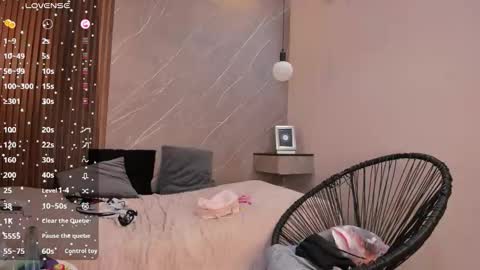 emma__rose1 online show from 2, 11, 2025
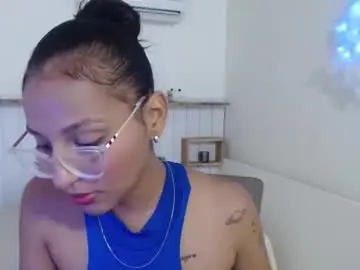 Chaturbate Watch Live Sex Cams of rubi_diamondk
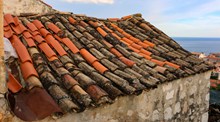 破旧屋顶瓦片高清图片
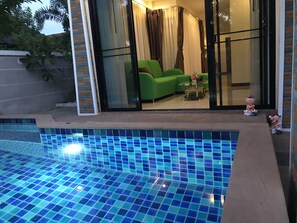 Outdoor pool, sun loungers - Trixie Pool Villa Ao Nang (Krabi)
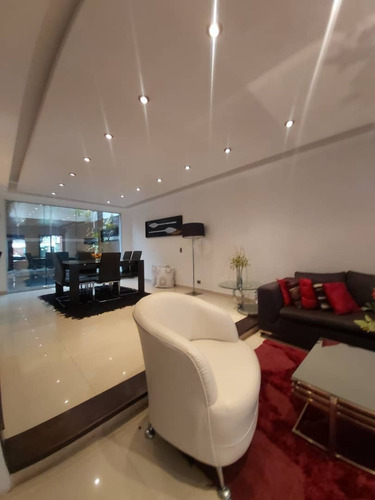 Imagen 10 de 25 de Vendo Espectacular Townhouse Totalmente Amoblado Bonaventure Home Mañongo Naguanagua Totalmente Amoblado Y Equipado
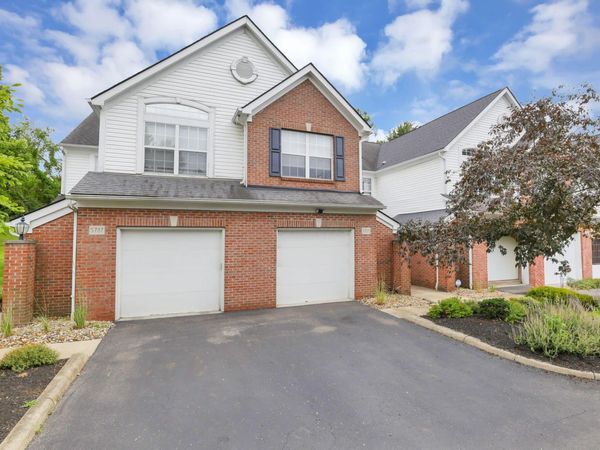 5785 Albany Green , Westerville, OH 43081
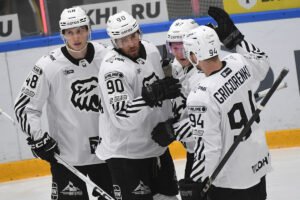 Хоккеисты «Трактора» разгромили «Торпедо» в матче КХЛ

+++

_WHAT TO WORK ON_:
Copy the lines above between the one holding "Outdoor pool, sun" and the one holding "5785 Albany Green , Westerville, OH 43081", inclusive. Drop the pictures.

_EXPECTED ANSWER_:
 Outdoor pool, sun loungers - Trixie Pool Villa Ao Nang (Krabi)
 Imagen 10 de 25 de Vendo Espectacular Townhouse Totalmente Amoblado Bonaventure Home Mañongo Naguanagua Totalmente Amoblado Y Equipado
 5785 Albany Green , Westerville, OH 43081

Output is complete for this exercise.